Hamadeh Requests Canvass Changes
Hamadeh is asking for a canvass amendment due to mistakes and misconduct on November 8. Additionally, he asked that "early ballots that were accompanied by an uncured affidavit signature that is discordant with the signature on file in the putative voter's registration record" be excluded from the tabulated returns of early votes.
According to the lawsuit, Secretary of State Katie Hobbs should declare and certify Hamadeh as "elected to the office of Arizona Attorney General" and set aside and revoke "any certificate of election" that she may have given to his opponent.
The argument that Republicans were disproportionately impacted by issues at the polling places is one of the more contentious issues surrounding the Maricopa County election, primarily because many more Republicans cast ballots on election day. The correct certification of the machines has also generated a lot of debate. The reasons why the election should not be certified based solely on machine certification were presented by two people who spoke during public comment at the Maricopa Board of Supervisors hearing on November 17.

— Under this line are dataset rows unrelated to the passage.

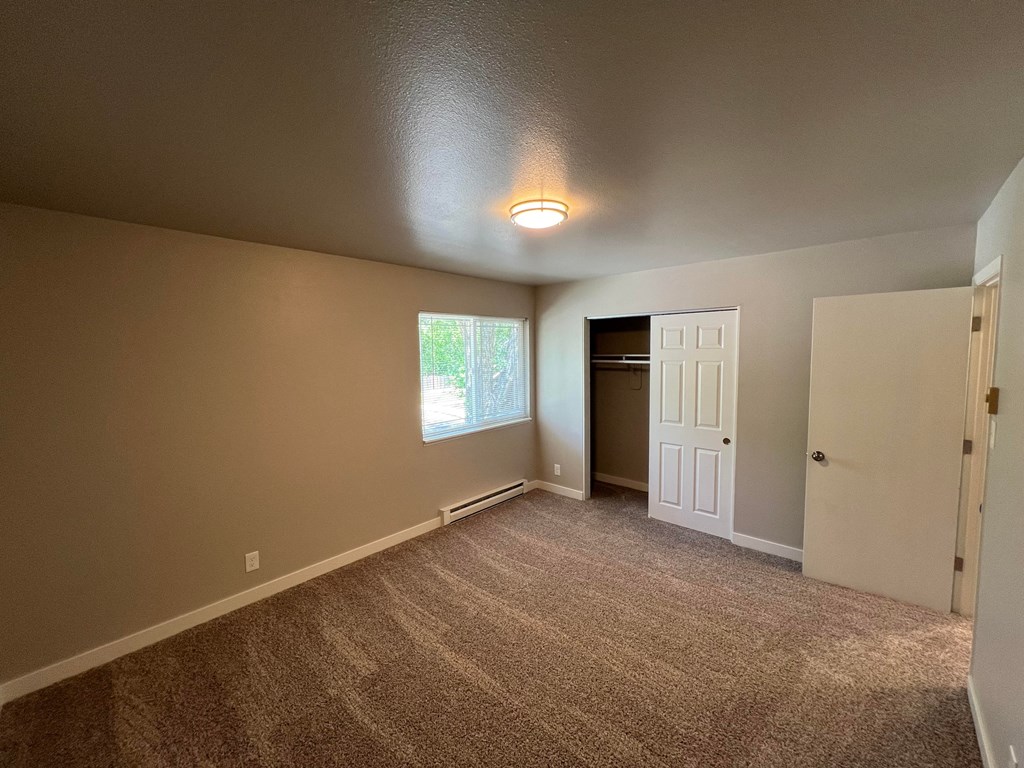 an empty living room with carpet and a door to a closet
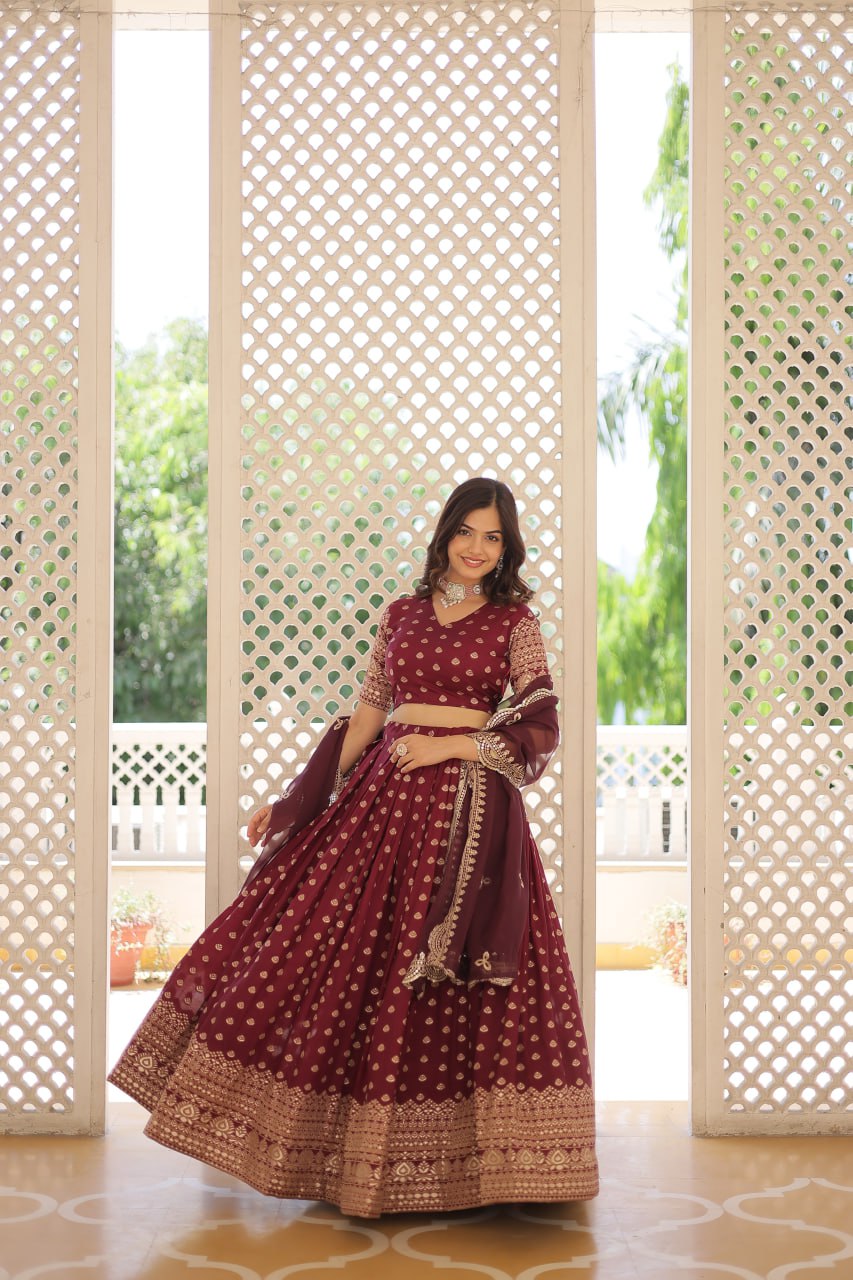 Elegant Dyable Viscose Jacquard Lehenga Choli Set with Arco-Cut Work Dupatta LW-7106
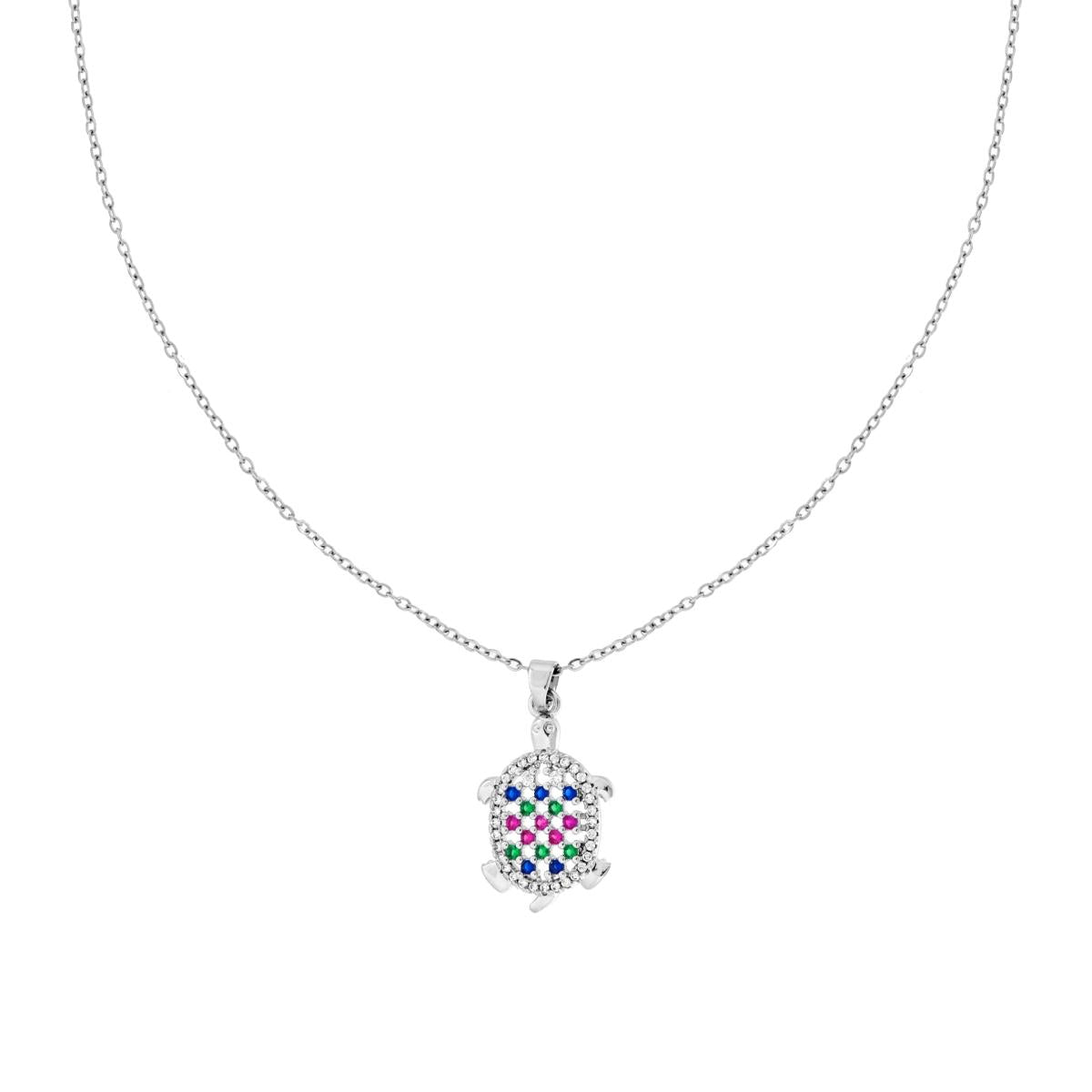 Collana Catena Forzatina Diamantata con Tartaruga e Crystal Multicolor in ACCIAIO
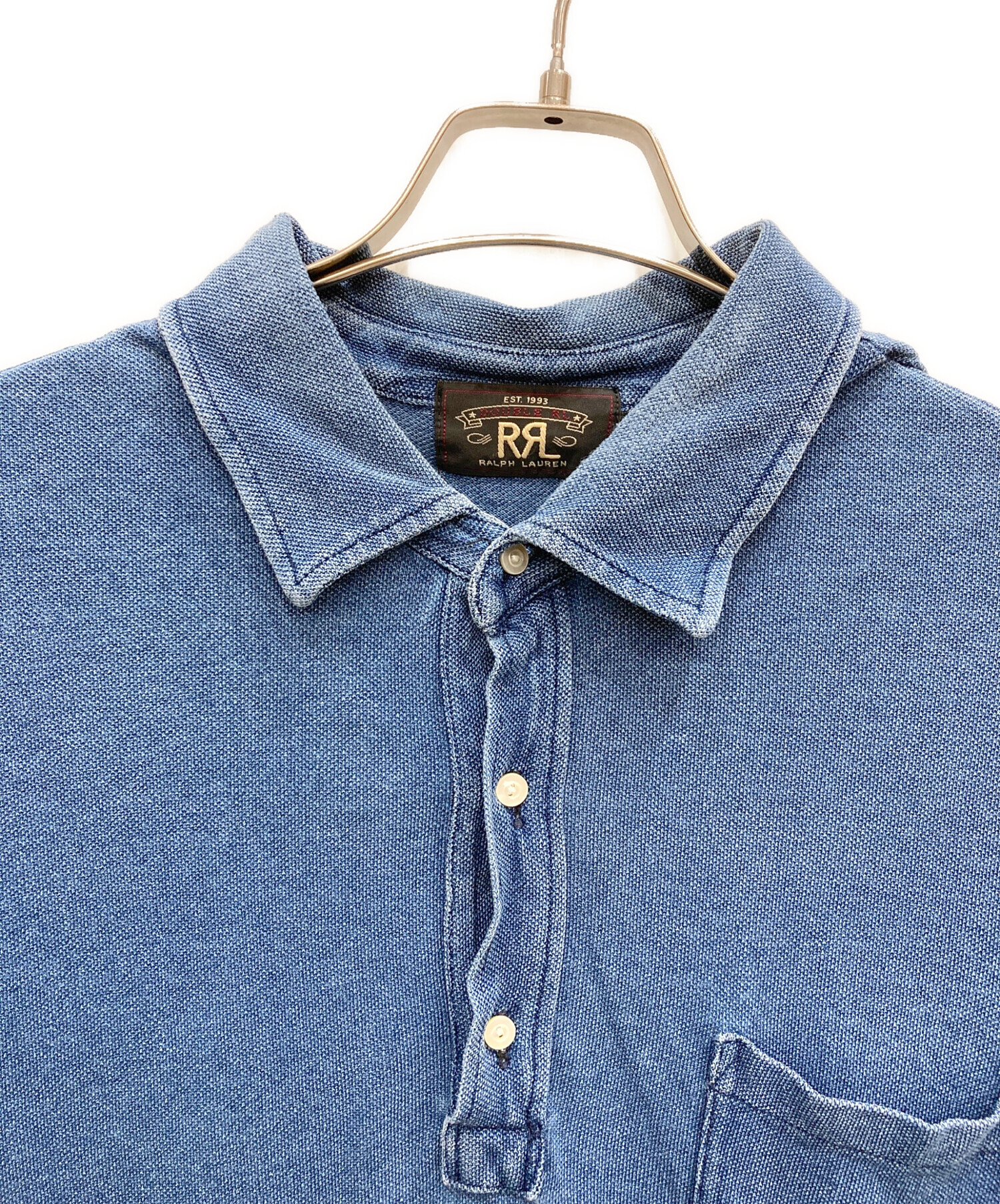 極美品 ダブルアールエル RRL インディゴ ポロシャツ ロゴ刺繍 貴重表記M 極美品 ダブルアールエル RRL インディゴ ポロシャツ ロゴ刺繍 貴重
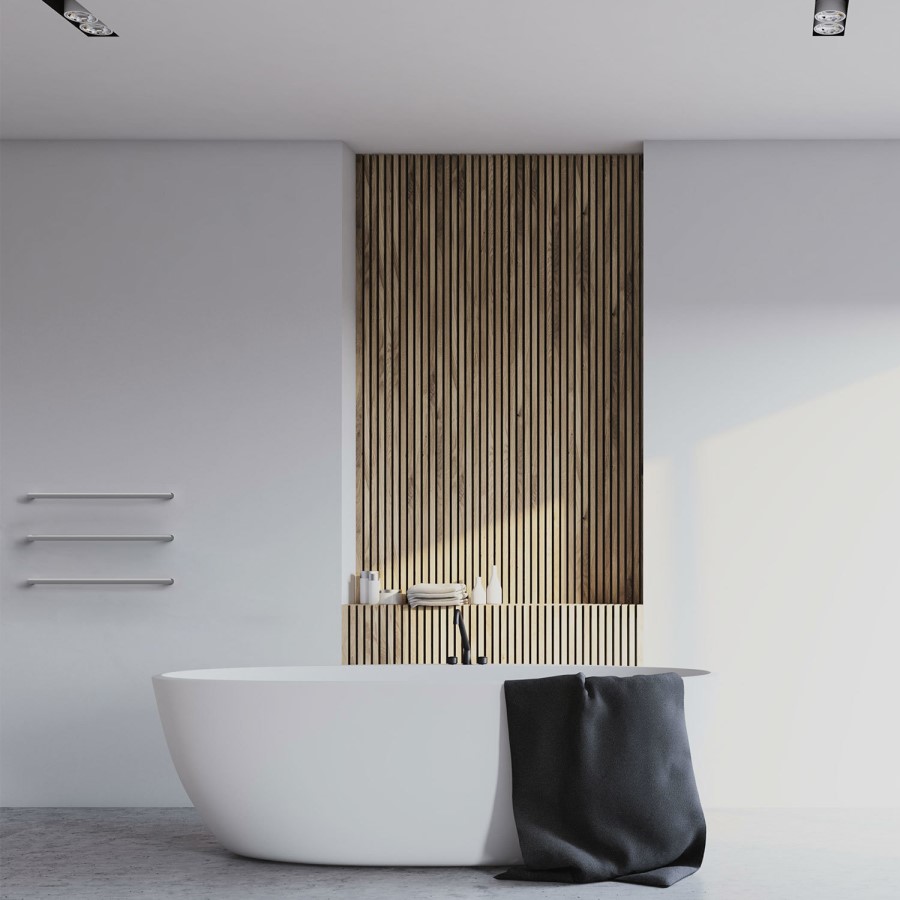 Round Brushed Single Bar Heated Towel Rail 19W - Tulsi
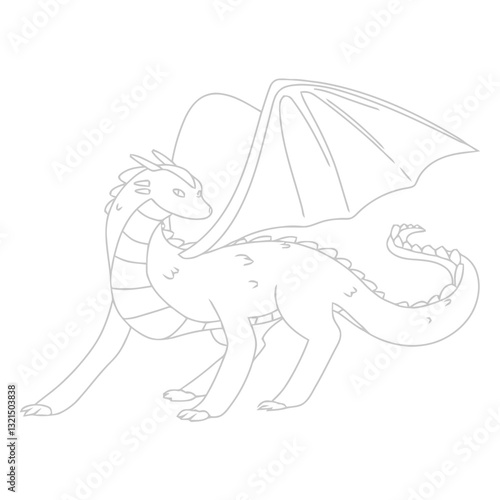 dragon wing tail scales flying line.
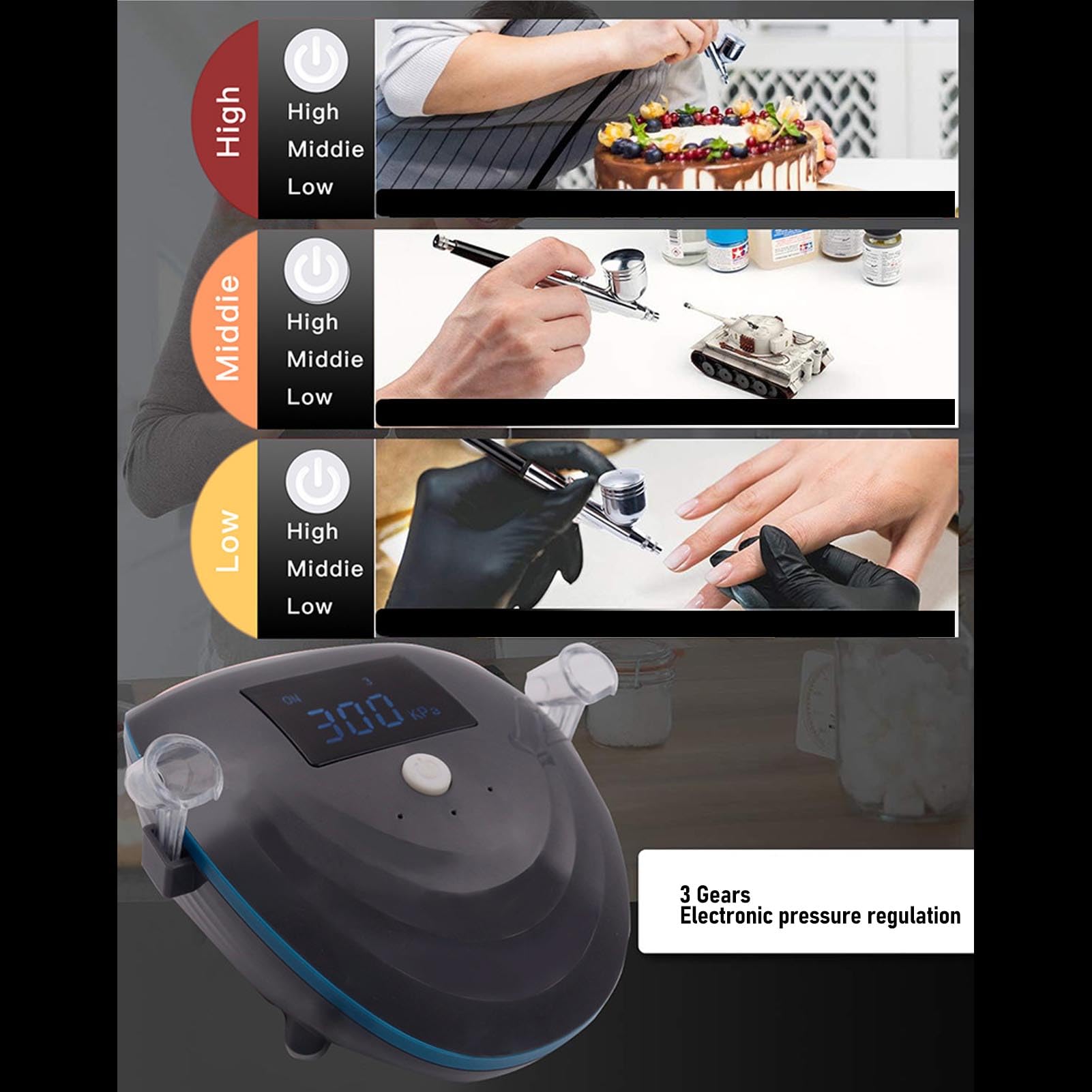 FTVOGUE Mini Kit de Aerógrafo Juego de Compresor de Aerógrafo Ajustable de 3 Velocidades con Control de Fluido y Control de Patrones para Pintura Artística, Manualidades, Modelos para (abdominales 2)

The state's majority of counties have already declared their election results. Monday, November 28 is the certification deadline. Until the cutoff, Cochise and Mohave counties have postponed their certification.
Chairman Gates declared that the canvass would be finalized on Monday with "no delays or games" when the count was done. The Board of Supervisors for Maricopa County will convene on November 28 at 9:30 a.m. The hearing for Hamadeh's election protest has been scheduled for the same day at 2 p.m.